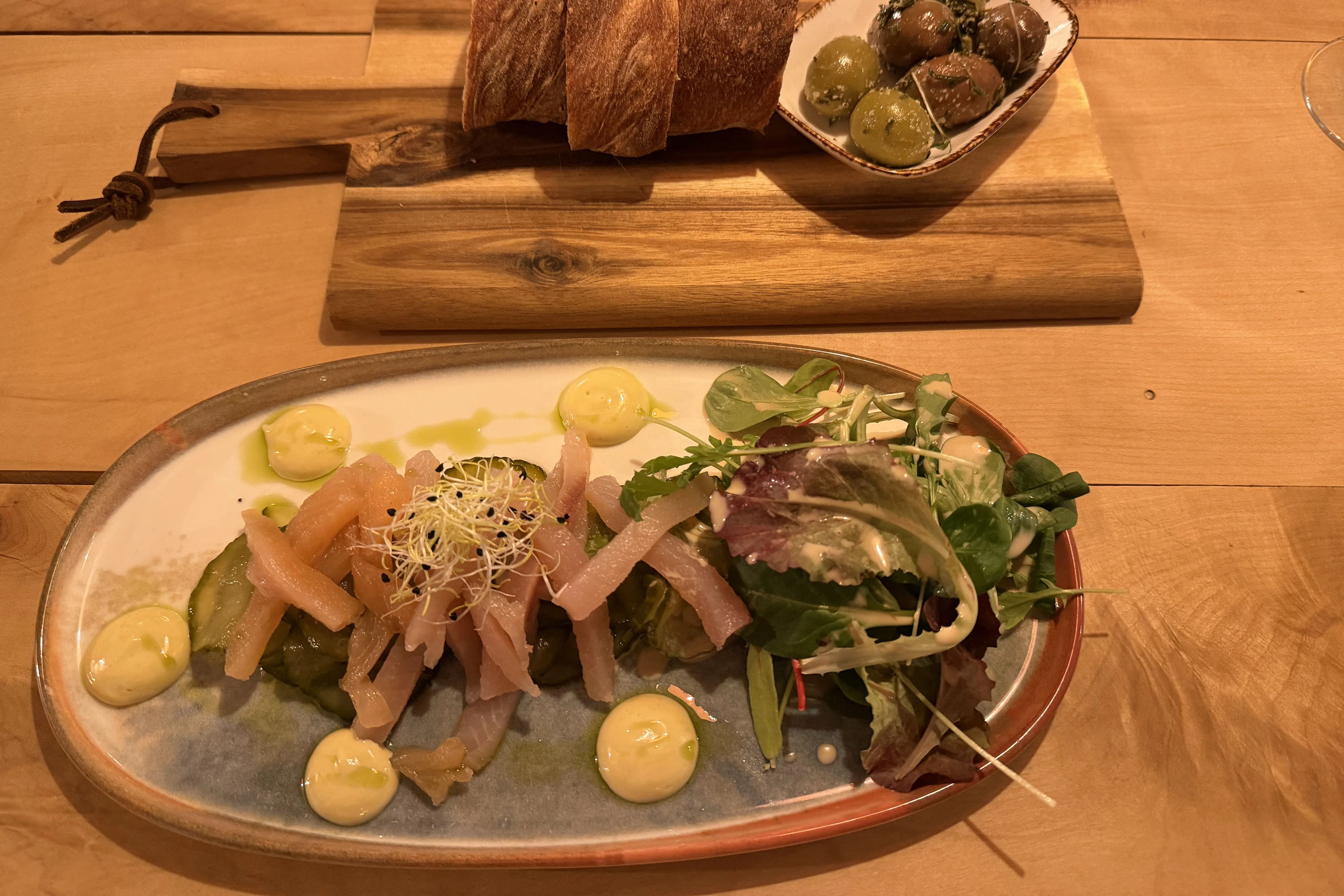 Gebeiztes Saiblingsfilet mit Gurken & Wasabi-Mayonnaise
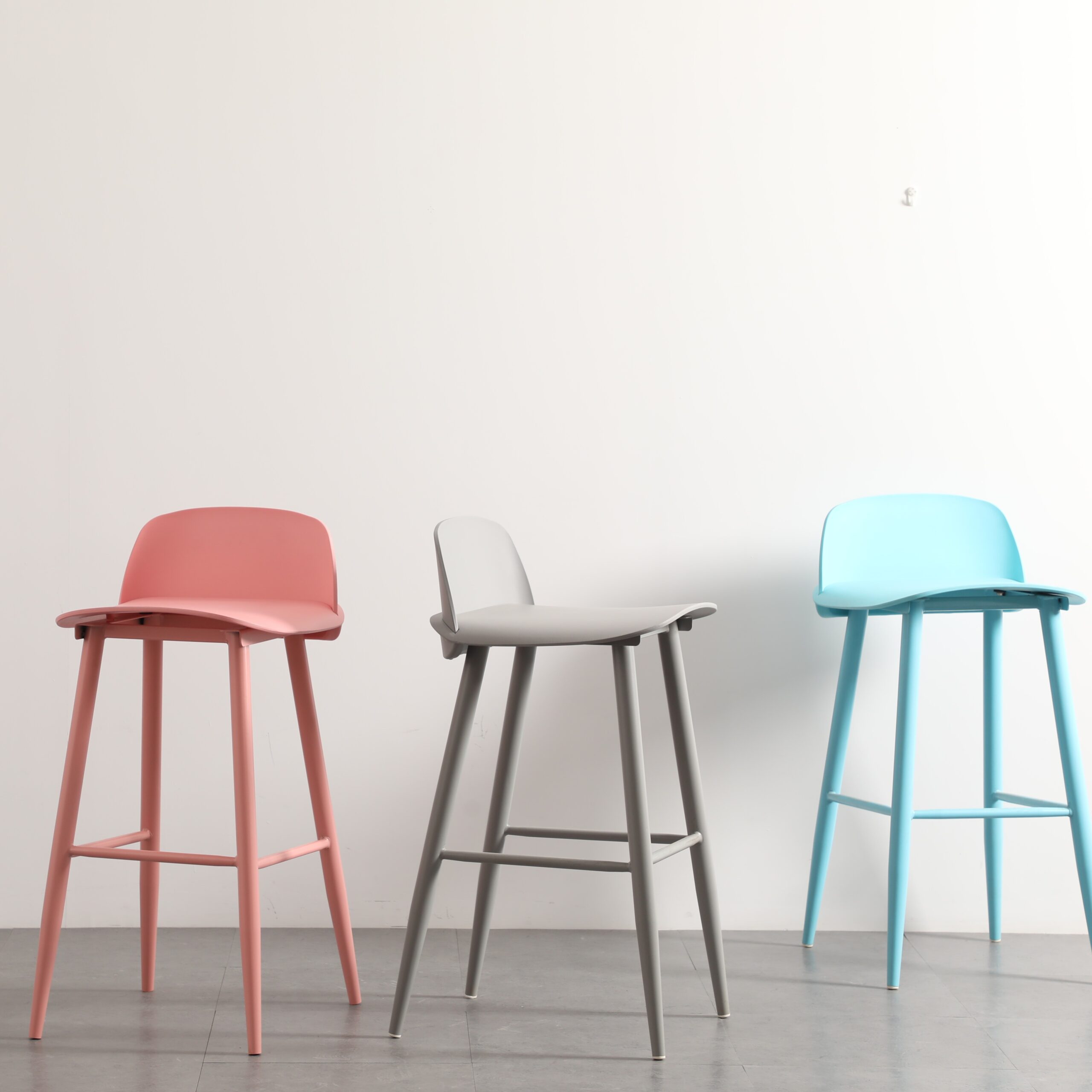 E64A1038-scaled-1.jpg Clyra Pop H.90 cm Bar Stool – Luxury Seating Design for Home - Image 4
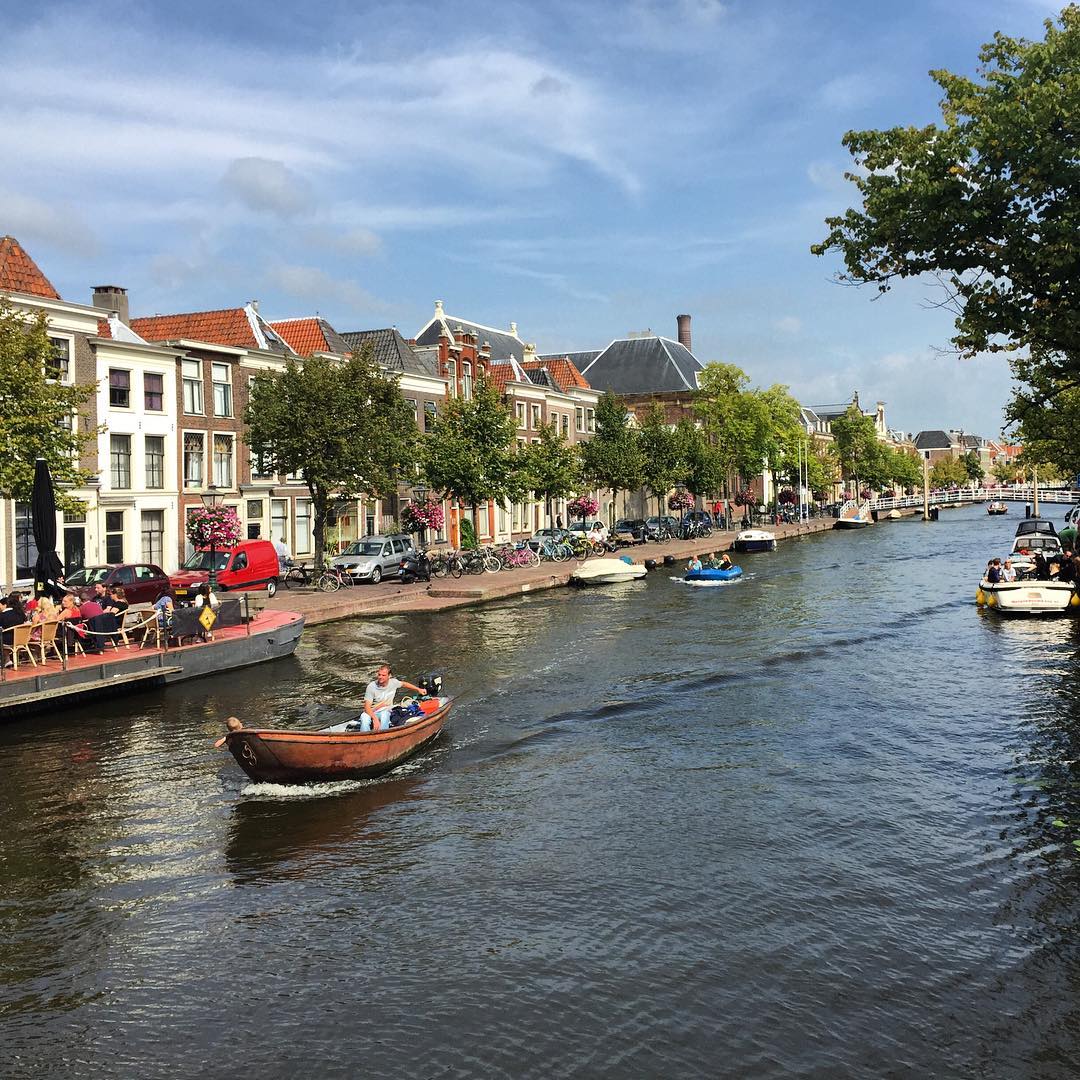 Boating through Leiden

-.-.-

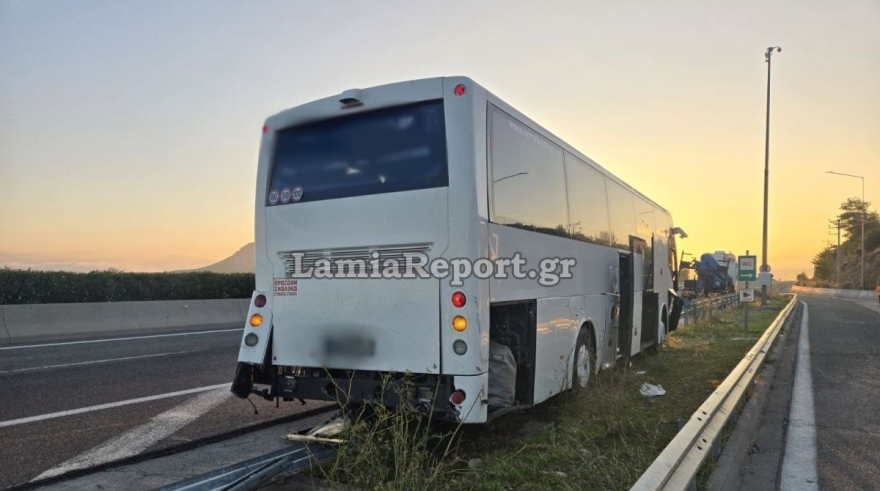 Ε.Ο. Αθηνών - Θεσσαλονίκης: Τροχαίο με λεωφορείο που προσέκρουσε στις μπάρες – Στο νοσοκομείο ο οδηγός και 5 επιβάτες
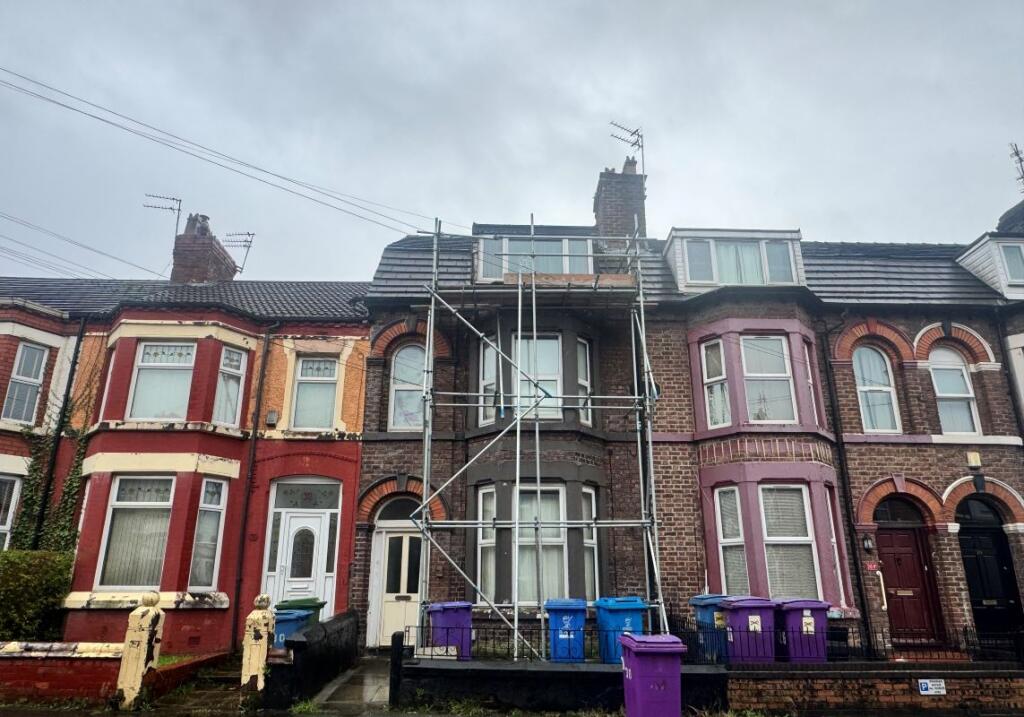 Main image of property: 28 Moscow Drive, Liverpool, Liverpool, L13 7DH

-.-.-

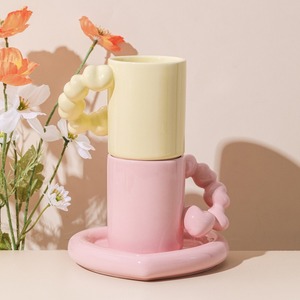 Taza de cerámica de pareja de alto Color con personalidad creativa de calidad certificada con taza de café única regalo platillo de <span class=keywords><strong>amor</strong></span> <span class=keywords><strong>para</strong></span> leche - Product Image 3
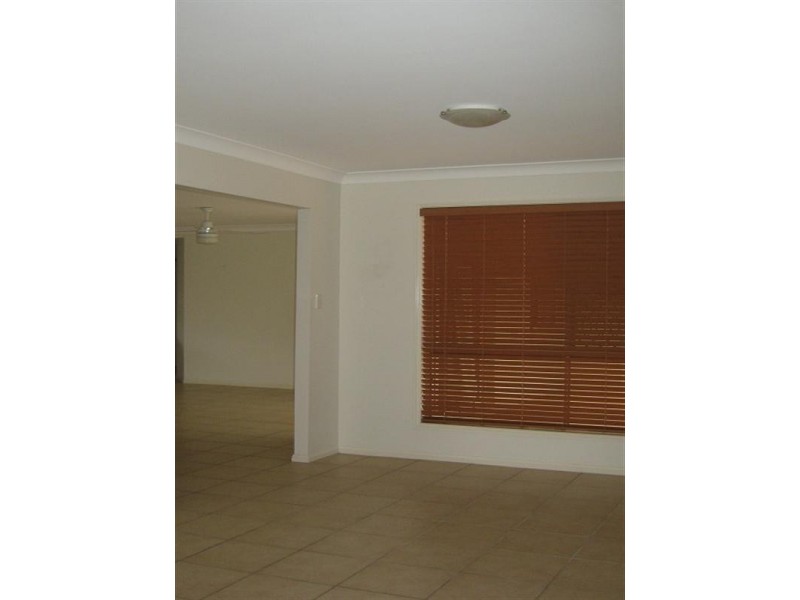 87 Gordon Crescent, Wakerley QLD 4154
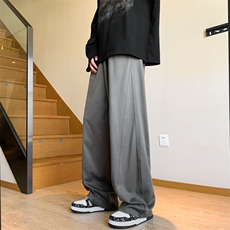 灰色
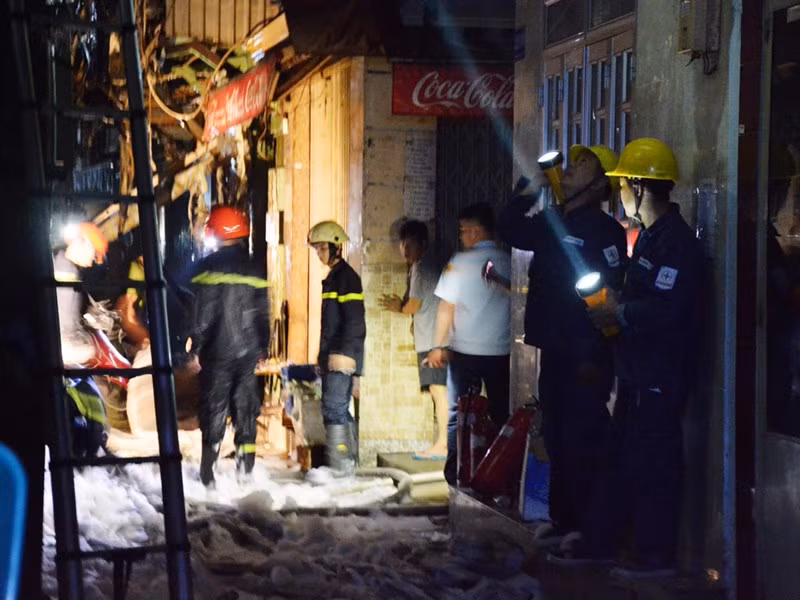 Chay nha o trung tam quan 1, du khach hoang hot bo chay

-.-.-

● Problem:
Exactly as written above, retype the lines starting at the one holding "Gebeiztes Saiblingsfilet mit" and ending at the one holding "Boating through Leiden", both included, but not the pictures.

● Response to this exercise:
 Gebeiztes Saiblingsfilet mit Gurken & Wasabi-Mayonnaise
 E64A1038-scaled-1.jpg Clyra Pop H.90 cm Bar Stool – Luxury Seating Design for Home - Image 4
 Boating through Leiden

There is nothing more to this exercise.